MSX is the name of a standard for home computers in the 1980s (see also 'The Home Computer Era' in the History of computing). It was conceived by Kazuhiko Nishi of Microsoft Japan, now ASCII Corporation. Inspired by the success of VHS as a standard for video cassette recorders, many Japanese electronic manufacturers along with Philips and Spectravideo built and promoted MSX computers. Any piece of hardware or software with the MSX logo on it was compatible with MSX products of other manufacturers.
The exact meaning of the 'MSX' abbreviation remains a matter of debate. At the time, most people seemed to agree it meant 'MicroSoft eXtended', referring to the built-in MSX-BASIC programming language, specifically written by Microsoft for the MSX system. The MSX-DOS disk operating system had file compatibility with CP/M and MS-DOS. In this way, Microsoft could promote MSX for home use while promoting MS-DOS based personal computers in office environments.
MSX spawned four generations: MSX[?] (1983), MSX 2[?] (1986), MSX 2+[?] (1988) and MSX Turbo R[?] (1990).
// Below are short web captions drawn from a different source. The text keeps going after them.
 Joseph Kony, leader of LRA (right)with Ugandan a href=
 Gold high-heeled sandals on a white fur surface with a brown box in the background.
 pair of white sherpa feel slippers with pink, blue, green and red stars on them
The first three were 8-bit computers based on the Zilog Z80 microprocessor, while the MSX Turbo R was based on an enhanced Zilog Z800 known as the R800.
MSX never became the worldwide standard that its makers envisioned, mainly because it never took off in the United States. In Japan, MSX was the major home computer system in the 1980s. It was also popular in several European countries, South Korea and Brazil and even in Arabic countries and the Soviet Union. Recently, Kazuhiko Nishi initiated an 'MSX Revival' around an official MSX emulator called 'MSX PLAYer'. Whether this project will be a success remains to be seen, but many good freeware emulators are already available on the Internet.